While thousands of terrified survivors abandoned the sinking peninsula to establish the new city of Kingston across the harbor, Galdy made a deliberate choice: he stayed. In the decades that followed, Port Royal became a shadow of its former wealth, repeatedly battered by hurricanes and gutted by a massive fire in 1703. Yet, Galdy anchored himself in the ruins. Rather than starting over on solid ground, he became a stabilizing force in the diminished town's civic life. He served as an assemblyman, stepping into the void left by fleeing colonial officials to maintain order and governance in a community that seemed cursed by nature.
His resilience was anchored by a profound, practical piety. For a man who had already fled his home in France to protect his Protestant faith, the restoration of Port Royal’s spiritual center became a defining mission. As churchwarden, Galdy poured his influence and resources into the reconstruction of St. Peter’s Church, which was finally completed in the 1720s. The structure still stands today, a quiet, brick-and-mortar testament to a refugee who refused to let his community’s faith be swallowed by the earth or consumed by the fires that followed.

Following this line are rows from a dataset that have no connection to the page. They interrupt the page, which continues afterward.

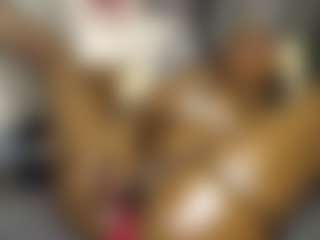 Queen-bree's Live Sex Cam Show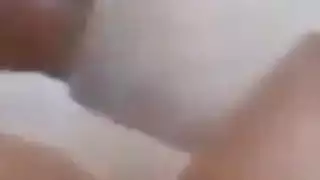 مراهقة تركية شقية تلعق الزب بعمق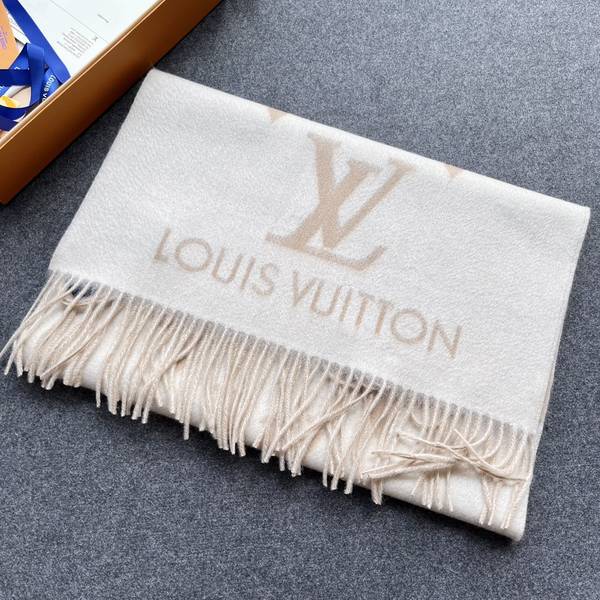 Louis Vuitton Scarf LVC00499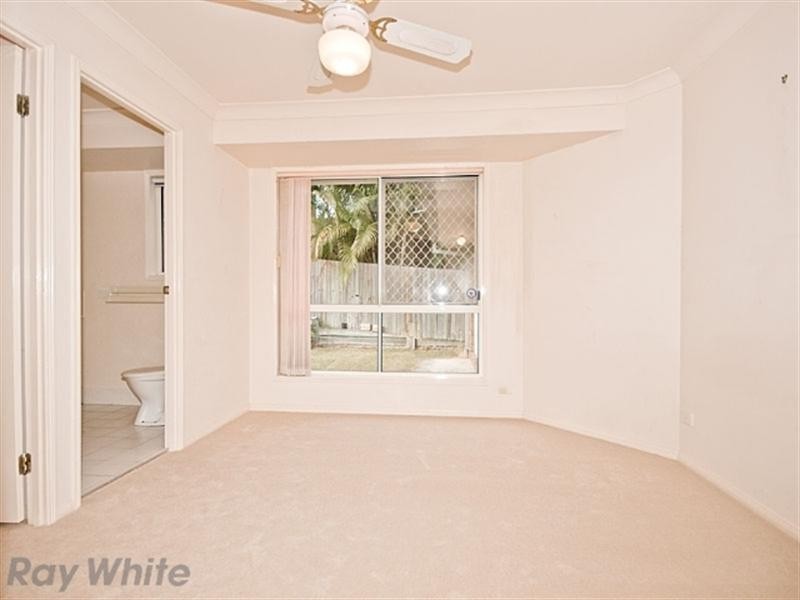 42 Settlers Circuit, Forest Lake QLD 4078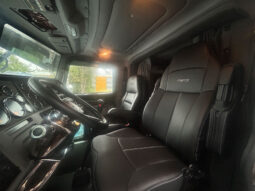 2016 PETERBILT 389 W/OPTIONAL 3 YR WARRANTY full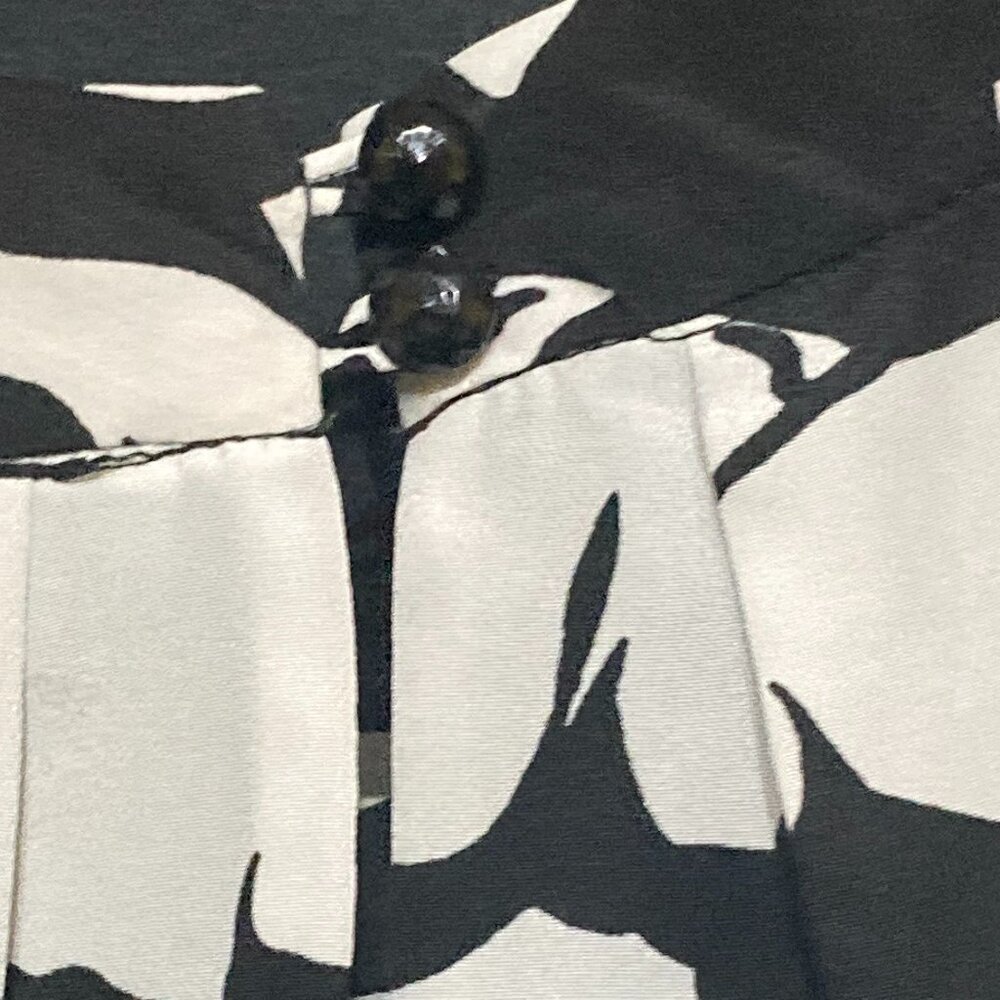 L Nine West Black and White Dress Shirt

Ironically, while Galdy spent his remaining years bound to Port Royal, his physical remains were originally laid to rest across the water at Green Bay. It was not until the mid-twentieth century—reportedly ahead of Queen Elizabeth II's 1953 visit to the island, so the monarch could easily view the famous monument—that his body and the heavy marble tombstone were exhumed and carried back across the harbor. History, it seems, insisted that the man who had survived the town's destruction and helped orchestrate its rebirth be permanently returned to its soil, his grave placed squarely in the shadow of the church he helped build.
But Galdy’s legacy is not purely one of righteous survival and civic charity. The wealth that allowed him to rebuild his life, fund the church, and maintain his status was pulled directly from the darkest currents of the Atlantic economy. He was a merchant, and by the early eighteenth century, he was acting as a key representative for the Royal African Company in Jamaica. The man who had been miraculously spared by providence spent his subsequent years deeply embedded in the brutal machinery of the transatlantic slave trade. He trafficked in human lives, managing the logistics of ships arriving from the African coast and funneling enslaved people into the island's ruthless plantation system.
This is the uncomfortable, necessary truth of Lewis Galdy. When visitors stand before his famous marble tombstone today in the churchyard of St. Peter’s, they read the triumphant story of a refugee saved by the hand of God. The stone speaks of his miraculous escape and his great reputation, but it remains silent on the blood and commerce that sustained his long life afterward. He was neither a pure saint nor a simple victim. He was a man forged by his era, carrying the full, contradictory weight of Port Royal's history.